Only the images are to be dropped; the records themselves must be repeated exactly.

ENTRIES PROVIDED:
————
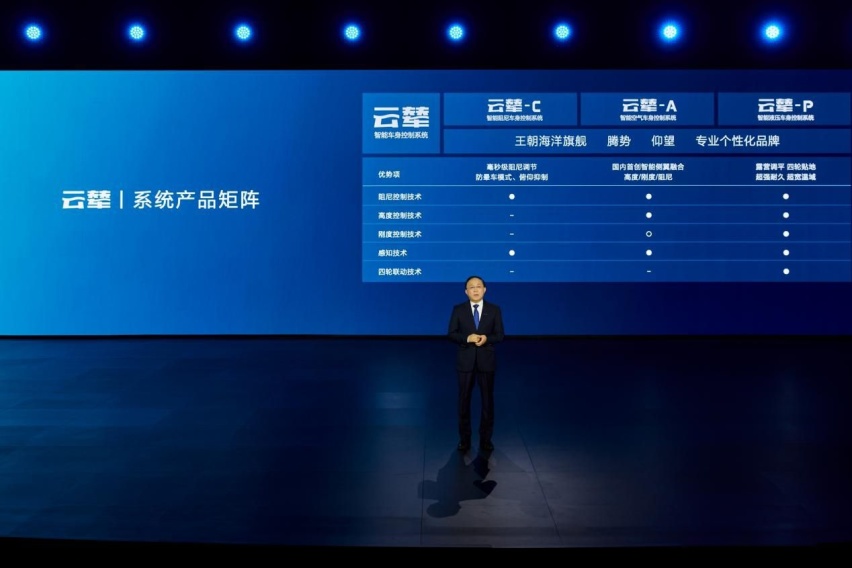 一登场就是巅峰，比亚迪云辇系统到底有多强？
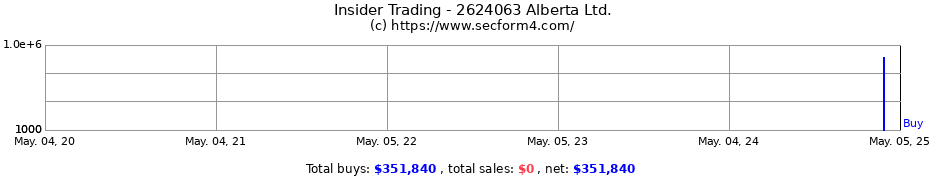 Insider Trading Transactions for 2624063 Alberta Ltd.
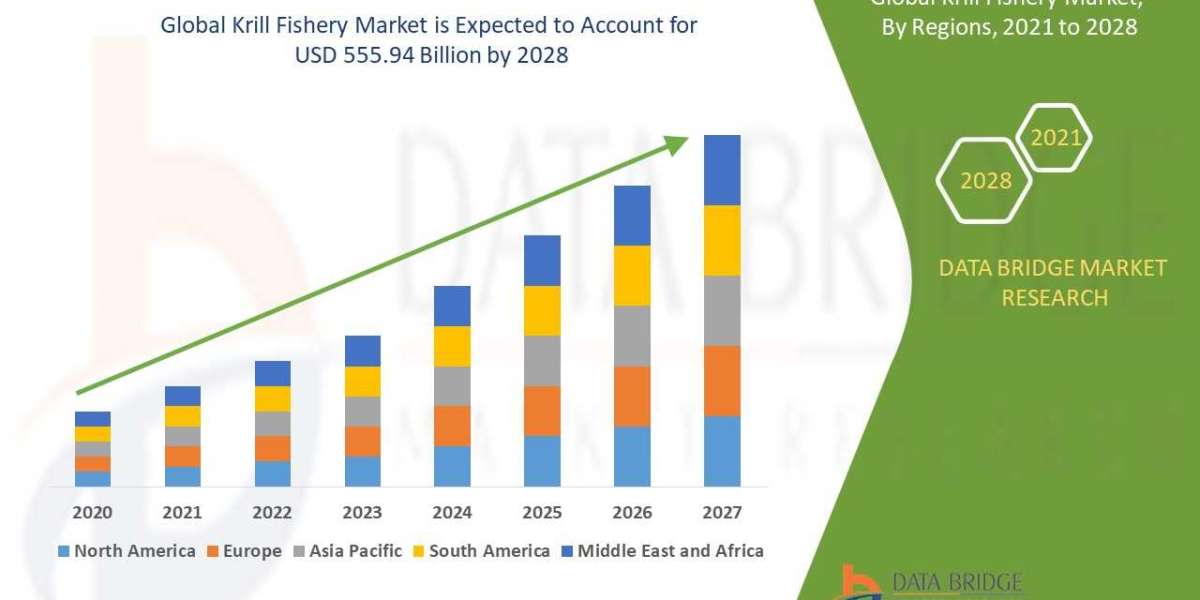 Krill Fishery Market is expected Analysis, Share, Trends, Key Drivers, Size, Developments, Future Forecast and Is Projec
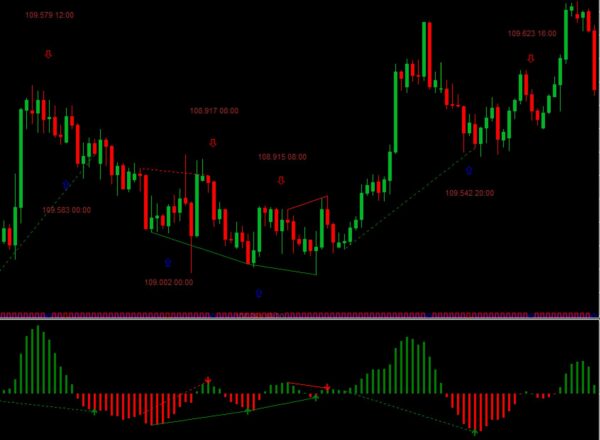 MACD Divergence Indicator mt4 Download - FX141.COM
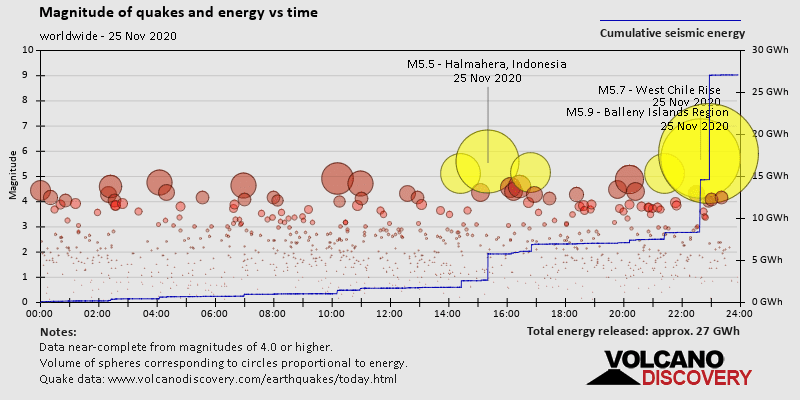 Magnitude and seismic energy over time: on Wednesday, November 25th, 2020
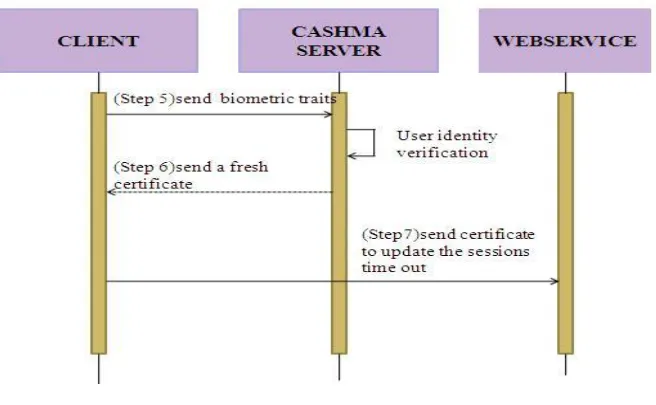 Fig 3: Initial Phase 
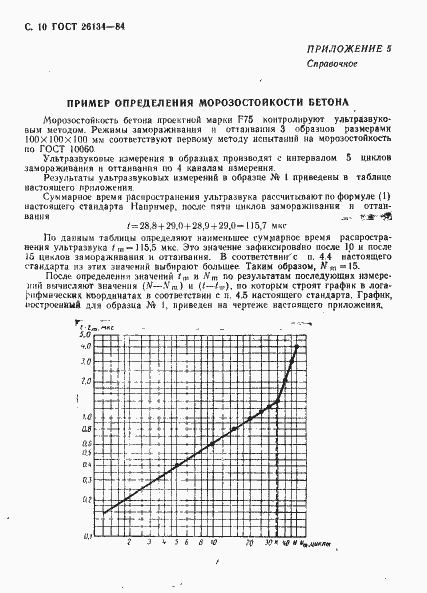 Страница 11 ГОСТ 26134-84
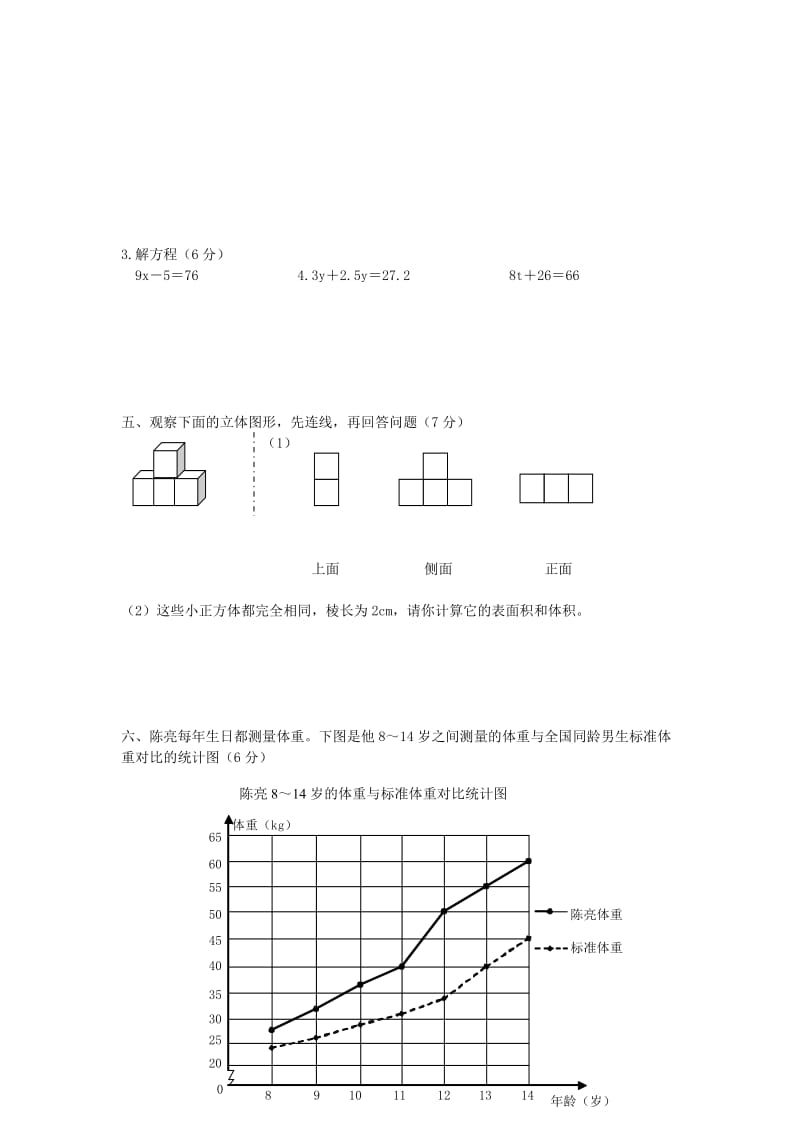 2019-2020年五年级数学下册期末测试题.doc_第2页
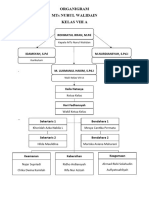 ORGANIGRAM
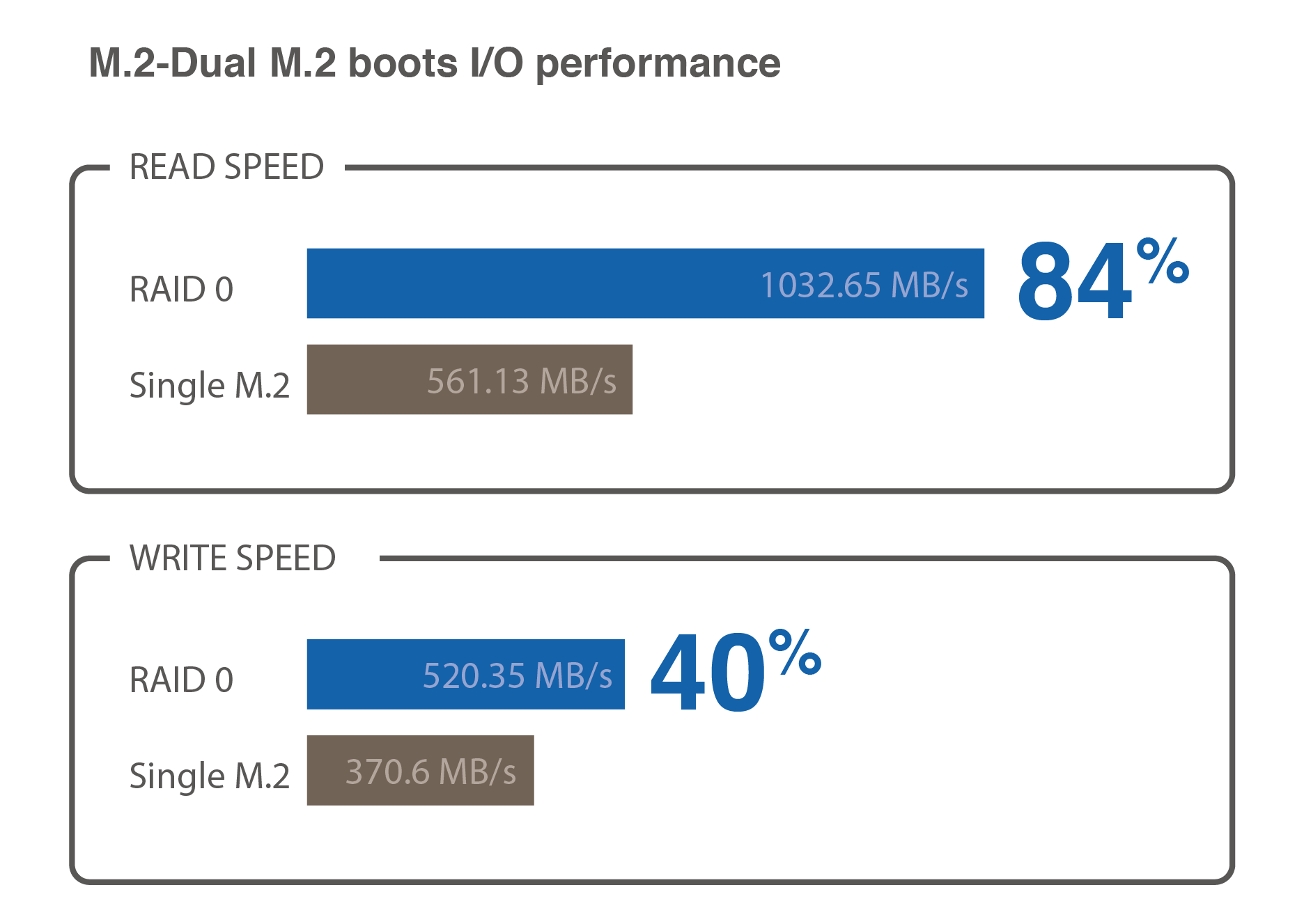 Duales M.2 für eine Leistung von bis zu 32Gbit/s und Datenredundanz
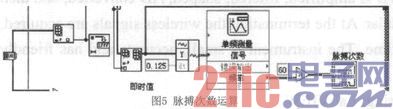 基于LabVIEW的无线心率测量系统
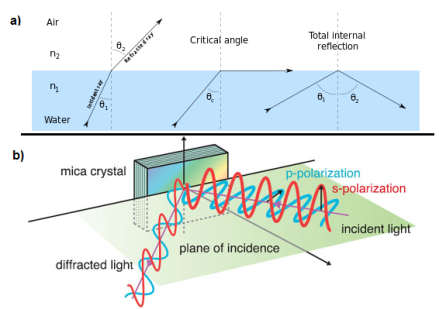 Total Internal Reflection and Polarization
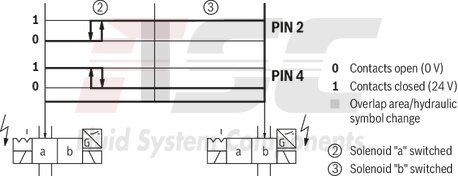 technical illustration-R901433797-Size 10, symbol C, electrical with solenoid, 110 V DC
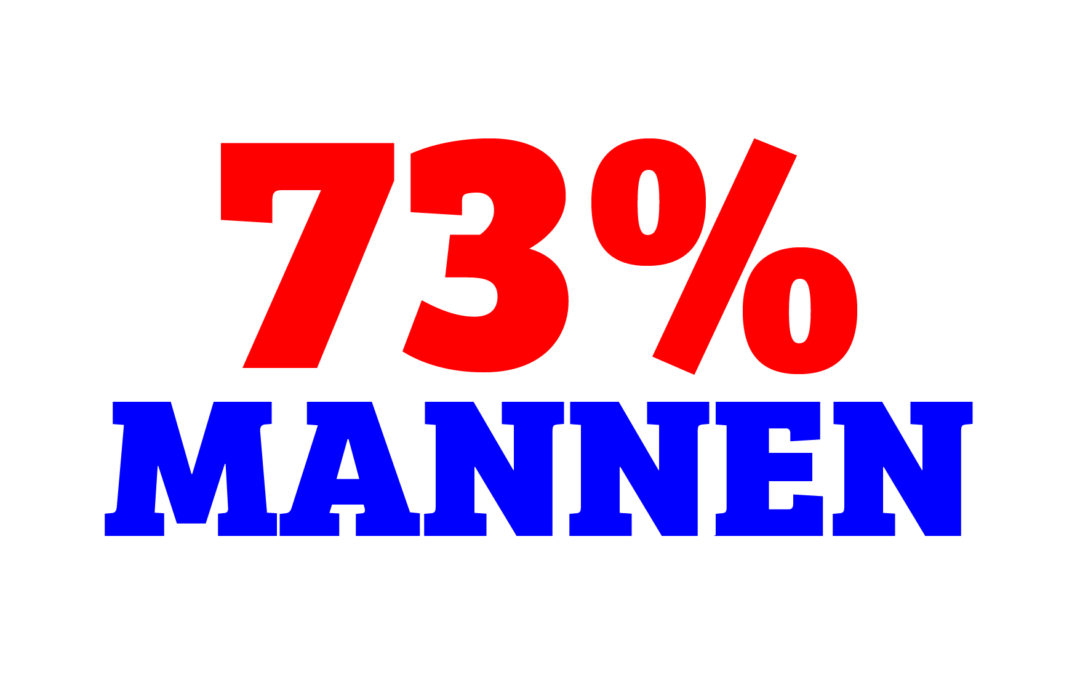 Uitleg dat er “voornamelijk”(73% 2025) mannen komen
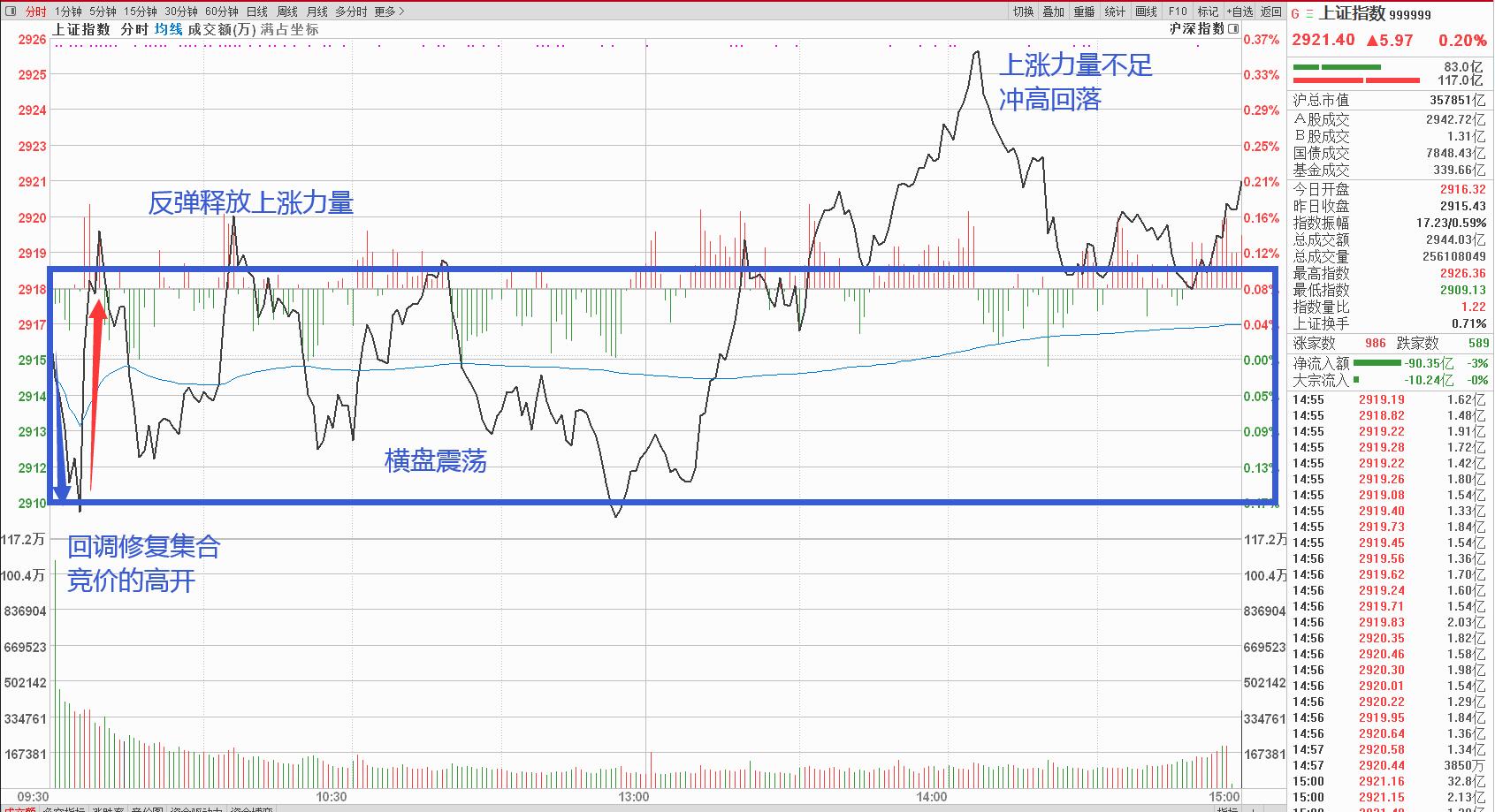 『盛运环保』6月2日晚间A股公告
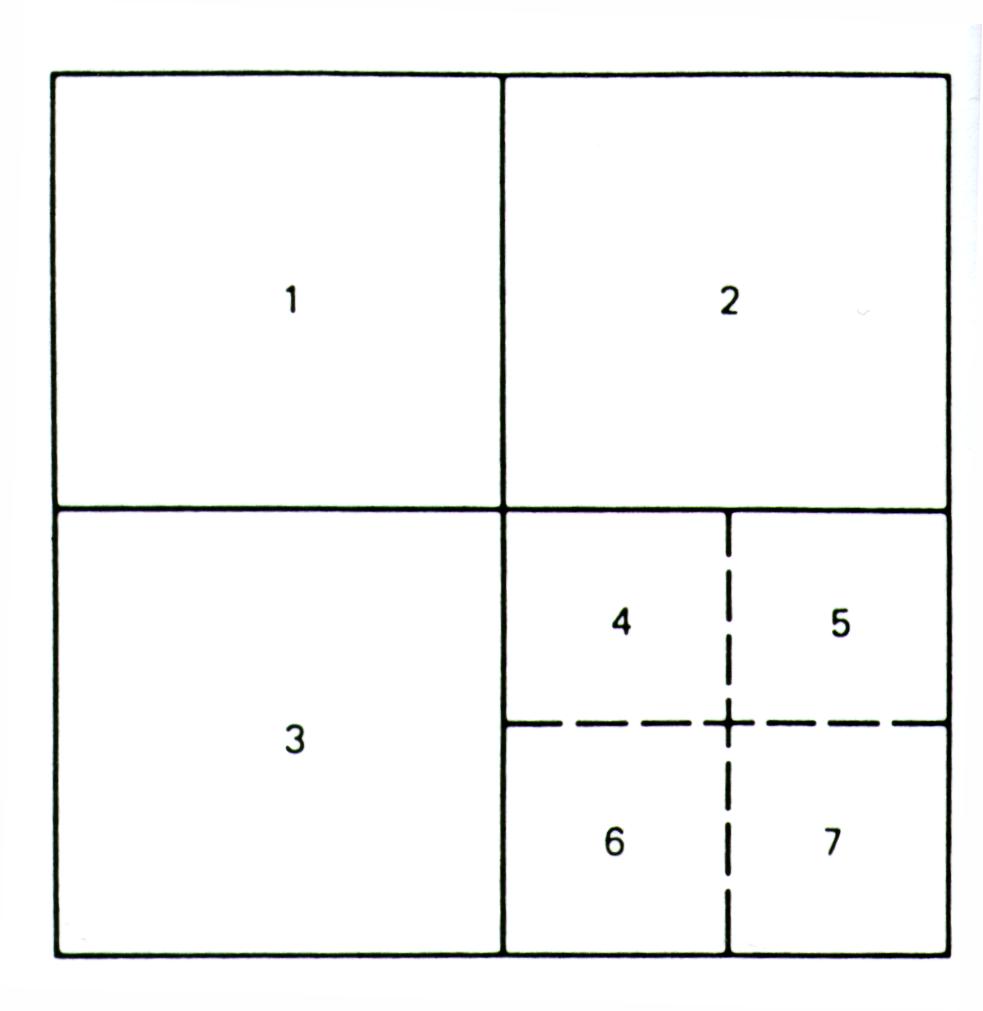 zonemethod.jpg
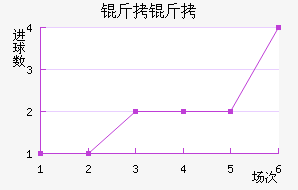 ������������������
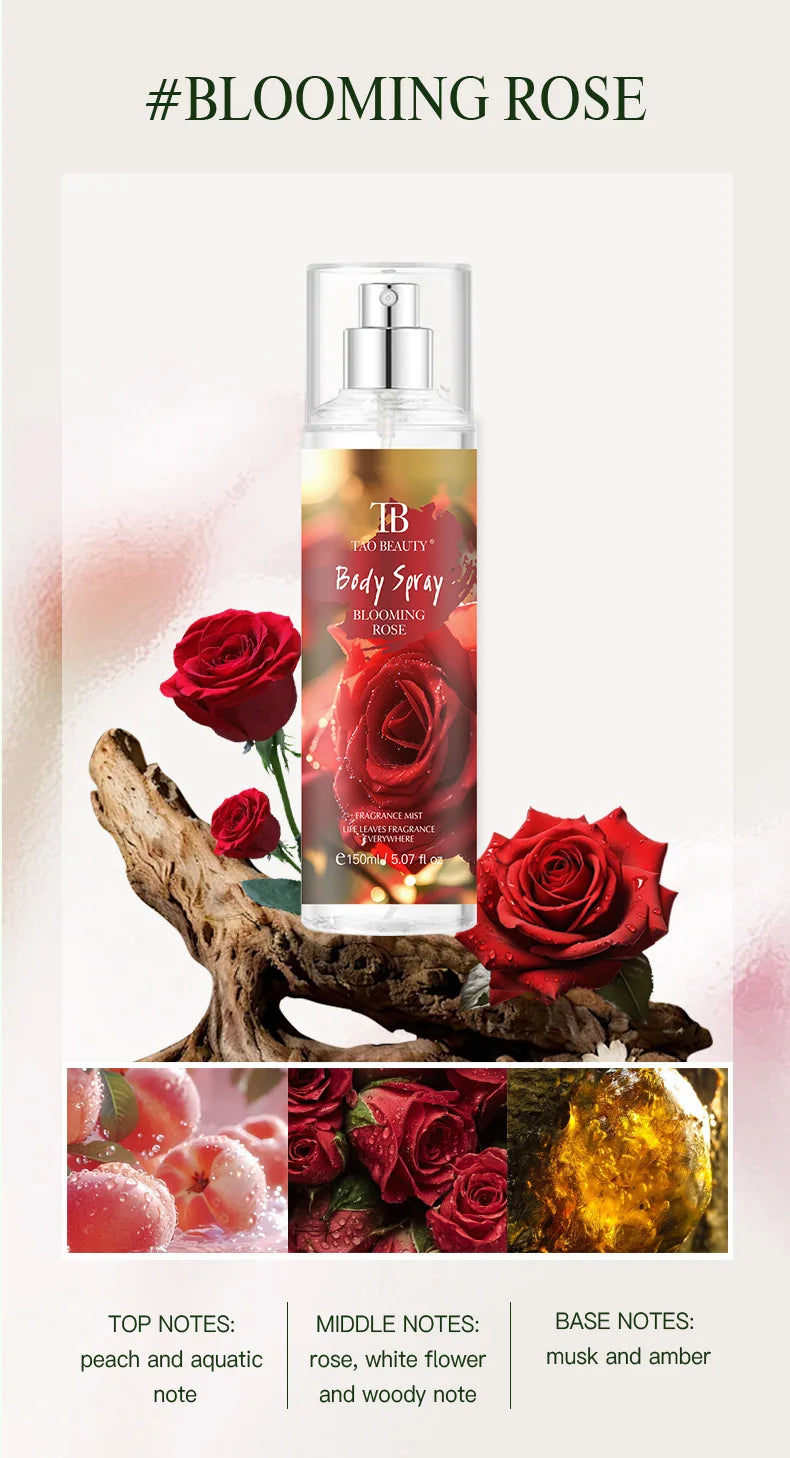 English Version Fragrance Spray Long-lasting Light Floral And Fruity Tone Land Rose Perfume Spray Gfit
————
TASK SOLUTION:
 一登场就是巅峰，比亚迪云辇系统到底有多强？
 Insider Trading Transactions for 2624063 Alberta Ltd.
 Krill Fishery Market is expected Analysis, Share, Trends, Key Drivers, Size, Developments, Future Forecast and Is Projec
 MACD Divergence Indicator mt4 Download - FX141.COM
 Magnitude and seismic energy over time: on Wednesday, November 25th, 2020
 Fig 3: Initial Phase 
 Страница 11 ГОСТ 26134-84
 2019-2020年五年级数学下册期末测试题.doc_第2页
 ORGANIGRAM
 Duales M.2 für eine Leistung von bis zu 32Gbit/s und Datenredundanz
 基于LabVIEW的无线心率测量系统
 Total Internal Reflection and Polarization
 technical illustration-R901433797-Size 10, symbol C, electrical with solenoid, 110 V DC
 Uitleg dat er “voornamelijk”(73% 2025) mannen komen
 『盛运环保』6月2日晚间A股公告
 zonemethod.jpg
 ������������������
 English Version Fragrance Spray Long-lasting Light Floral And Fruity Tone Land Rose Perfume Spray Gfit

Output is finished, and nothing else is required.